IS428 AY2019-20T2 Assign David Chow Jing Shan

From Visual Analytics for Business Intelligence
Revision as of 21:33, 16 February 2020 by David.chow.2017 (talk | contribs)
Jump to navigation Jump to search
Assignment 3 - To be a Visual Detective: Detecting spatio-temporal patterns

Background

Every two years, SUM libraries conduct a comprehensive survey to receive feedback from the faculty, students and staff with regards to the libraries' services. With the data collected, SMU libraries hope to gain some insights so that they can enhance their existing services and meet the emerging needs of SMU faculty, students and staff.

However, the past reports were not able to give a comprehensive and condensed summary for the SMU libraries as they are mainly made-up of pages of tables. With the information overload, it becomes difficult for the SMU libraries to get the essential overview of which area they should focus on improving.

Objectives

With the massive amount of data being collected by the various sensors, there's definitely no way any GAStech employee can deal with the data to discover relationships or patterns without using any visualization tools. Hence, using all the visualization and analytical technique that I have learned in class, I aim to create an interactive data visualization to help GAStech management to be able to see patterns/identify anomalies/connections to better understand its operations in order to make better and informed decision.

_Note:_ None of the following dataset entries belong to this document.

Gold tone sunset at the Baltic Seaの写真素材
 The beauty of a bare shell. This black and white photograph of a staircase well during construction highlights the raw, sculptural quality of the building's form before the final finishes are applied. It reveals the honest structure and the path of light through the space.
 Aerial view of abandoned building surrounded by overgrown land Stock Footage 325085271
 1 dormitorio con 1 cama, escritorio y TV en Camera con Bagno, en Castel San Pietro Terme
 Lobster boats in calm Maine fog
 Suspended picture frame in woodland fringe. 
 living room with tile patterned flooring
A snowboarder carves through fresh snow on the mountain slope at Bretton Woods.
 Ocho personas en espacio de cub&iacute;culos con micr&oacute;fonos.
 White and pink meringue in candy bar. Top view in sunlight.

With this interactive visualization, departments such as Security will be able to keep track of employee movements within the building to ensure that they are safe and also to prevent any unauthorized access to areas/zones that are prohibited. Furthermore, facility managers and executives could possibly identify areas that can improve the office environment such as to save costs and also to provide a conducive working environment for all GAStech employees.

Information Gathering

Looking at the given description of this challenge, there are some key information mentioned that are helpful and critical for my investigation.

  • Staff members are required to wear proximity (prox) cards while in the building.
  • The building is instrumented with passive prox card readers that cover individual building zones.
  • Rosie – a free robotic mail delivery system is equipped with a mobile prox sensor, which identifies the prox cards in the areas she travels through.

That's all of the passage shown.